Much of London was still in a state of disrepair from the
Great Fire of 1666. As part of his rebuilding plan the city's architect, Sir Christopher Wren, came up with a plan to improve
the Fleet, and convert its lower reach into a classical waterway along the lines of Venice, which would be called the New
Canal. It was a grand plan which included steeper, stone-cut embankments and four elegant new bridges at Bridewell, Fleet
Street, Fleet Lane, and Holborn.

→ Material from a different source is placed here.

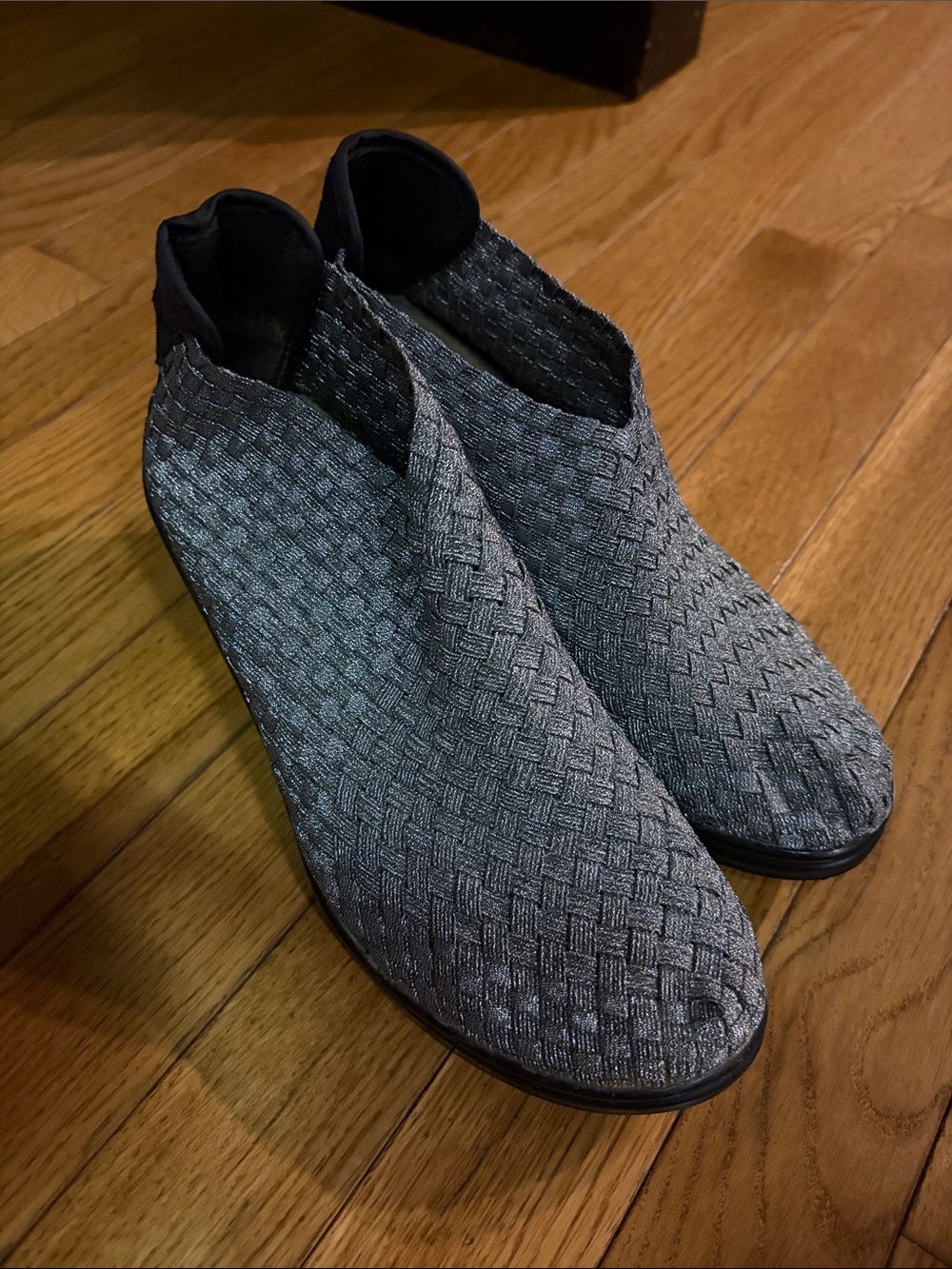 bernie mev. Women's Grey Woven Heeled Ankle Booties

It was completed in 1780 at a cost of £74,000.
Unfortunately Wren failed to address the problem of pollution, and although the river looked a lot better, it still stank. The
New Canal lasted for around fifty years and was then ordered by Parliament to be paved over in 1732. When the Regents
Canal and Camden Town were developed in around 1812, that section of the Fleet was buried too, and later the railways came
and buried the Farringdon valley under Farringdon Road. The last above-ground part of the Fleet - from the source down
through Hampstead - was finally covered over in the 1870s when Hampstead was developed as a suburb. Now the river survives only in a few streetnames, like Fleet Street, and tales of floods in the basements of old buildings.